*** Opening of Material provided ***
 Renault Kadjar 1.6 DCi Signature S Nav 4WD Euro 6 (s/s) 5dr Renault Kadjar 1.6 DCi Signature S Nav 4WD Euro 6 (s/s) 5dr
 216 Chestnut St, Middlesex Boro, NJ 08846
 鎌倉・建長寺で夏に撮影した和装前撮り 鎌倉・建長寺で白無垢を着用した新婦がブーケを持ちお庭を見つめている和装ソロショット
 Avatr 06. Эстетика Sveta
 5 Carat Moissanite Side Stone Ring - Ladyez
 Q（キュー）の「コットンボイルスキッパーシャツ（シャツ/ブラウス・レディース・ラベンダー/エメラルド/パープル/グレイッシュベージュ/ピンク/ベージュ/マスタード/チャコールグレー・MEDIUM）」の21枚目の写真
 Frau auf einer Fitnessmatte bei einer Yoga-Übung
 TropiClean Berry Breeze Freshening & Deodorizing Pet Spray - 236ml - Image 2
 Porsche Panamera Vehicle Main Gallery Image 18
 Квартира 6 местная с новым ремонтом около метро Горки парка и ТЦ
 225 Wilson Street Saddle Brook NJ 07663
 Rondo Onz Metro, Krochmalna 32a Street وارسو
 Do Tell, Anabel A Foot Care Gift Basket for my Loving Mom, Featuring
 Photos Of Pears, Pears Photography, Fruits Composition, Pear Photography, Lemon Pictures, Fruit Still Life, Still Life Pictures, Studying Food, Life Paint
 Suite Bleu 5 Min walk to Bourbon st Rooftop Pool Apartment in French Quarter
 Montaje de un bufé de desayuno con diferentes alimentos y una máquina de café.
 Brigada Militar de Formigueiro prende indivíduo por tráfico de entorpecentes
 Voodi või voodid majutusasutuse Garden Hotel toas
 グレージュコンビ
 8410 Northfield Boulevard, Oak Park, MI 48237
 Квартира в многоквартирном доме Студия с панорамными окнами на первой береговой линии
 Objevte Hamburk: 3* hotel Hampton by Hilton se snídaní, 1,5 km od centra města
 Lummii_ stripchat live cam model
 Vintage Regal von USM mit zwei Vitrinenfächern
*** Close of Material provided ***
◆ **Task instructions**
Send back every record, precisely as written.

◆ **Exercise answer**
 Renault Kadjar 1.6 DCi Signature S Nav 4WD Euro 6 (s/s) 5dr Renault Kadjar 1.6 DCi Signature S Nav 4WD Euro 6 (s/s) 5dr
 216 Chestnut St, Middlesex Boro, NJ 08846
 鎌倉・建長寺で夏に撮影した和装前撮り 鎌倉・建長寺で白無垢を着用した新婦がブーケを持ちお庭を見つめている和装ソロショット
 Avatr 06. Эстетика Sveta
 5 Carat Moissanite Side Stone Ring - Ladyez
 Q（キュー）の「コットンボイルスキッパーシャツ（シャツ/ブラウス・レディース・ラベンダー/エメラルド/パープル/グレイッシュベージュ/ピンク/ベージュ/マスタード/チャコールグレー・MEDIUM）」の21枚目の写真
 Frau auf einer Fitnessmatte bei einer Yoga-Übung
 TropiClean Berry Breeze Freshening & Deodorizing Pet Spray - 236ml - Image 2
 Porsche Panamera Vehicle Main Gallery Image 18
 Квартира 6 местная с новым ремонтом около метро Горки парка и ТЦ
 225 Wilson Street Saddle Brook NJ 07663
 Rondo Onz Metro, Krochmalna 32a Street وارسو
 Do Tell, Anabel A Foot Care Gift Basket for my Loving Mom, Featuring
 Photos Of Pears, Pears Photography, Fruits Composition, Pear Photography, Lemon Pictures, Fruit Still Life, Still Life Pictures, Studying Food, Life Paint
 Suite Bleu 5 Min walk to Bourbon st Rooftop Pool Apartment in French Quarter
 Montaje de un bufé de desayuno con diferentes alimentos y una máquina de café.
 Brigada Militar de Formigueiro prende indivíduo por tráfico de entorpecentes
 Voodi või voodid majutusasutuse Garden Hotel toas
 グレージュコンビ
 8410 Northfield Boulevard, Oak Park, MI 48237
 Квартира в многоквартирном доме Студия с панорамными окнами на первой береговой линии
 Objevte Hamburk: 3* hotel Hampton by Hilton se snídaní, 1,5 km od centra města
 Lummii_ stripchat live cam model
 Vintage Regal von USM mit zwei Vitrinenfächern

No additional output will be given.